─── INFORMATION PROVIDED ───

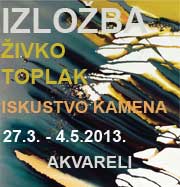 toplak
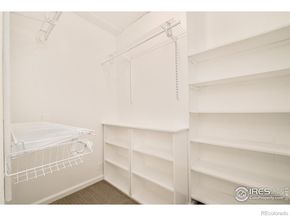 4635 Elm Court, Denver CO 80211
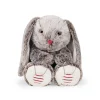 Kaloo Rabbit Soft Toy 38 Cm / 15'', Grey> Bunny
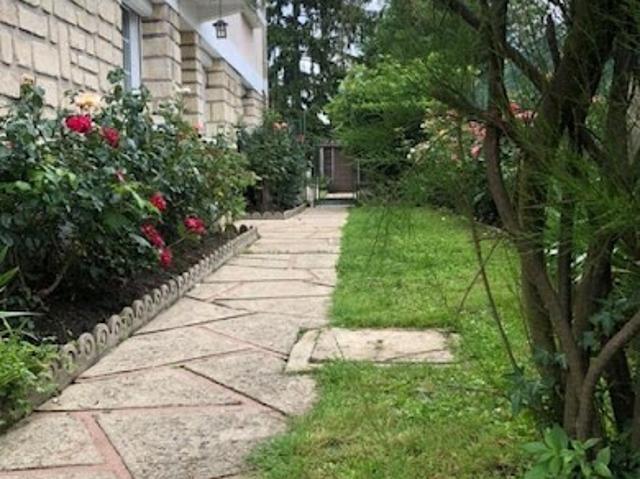 Vente Maison 9 pièces 200 m2 Sucy en Brie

───

▶ **YOUR ASSIGNMENT**
Leave the pictures out and output all of the data verbatim.

▶ **EXERCISE SOLUTION**
 toplak
 4635 Elm Court, Denver CO 80211
 Kaloo Rabbit Soft Toy 38 Cm / 15'', Grey> Bunny
 Vente Maison 9 pièces 200 m2 Sucy en Brie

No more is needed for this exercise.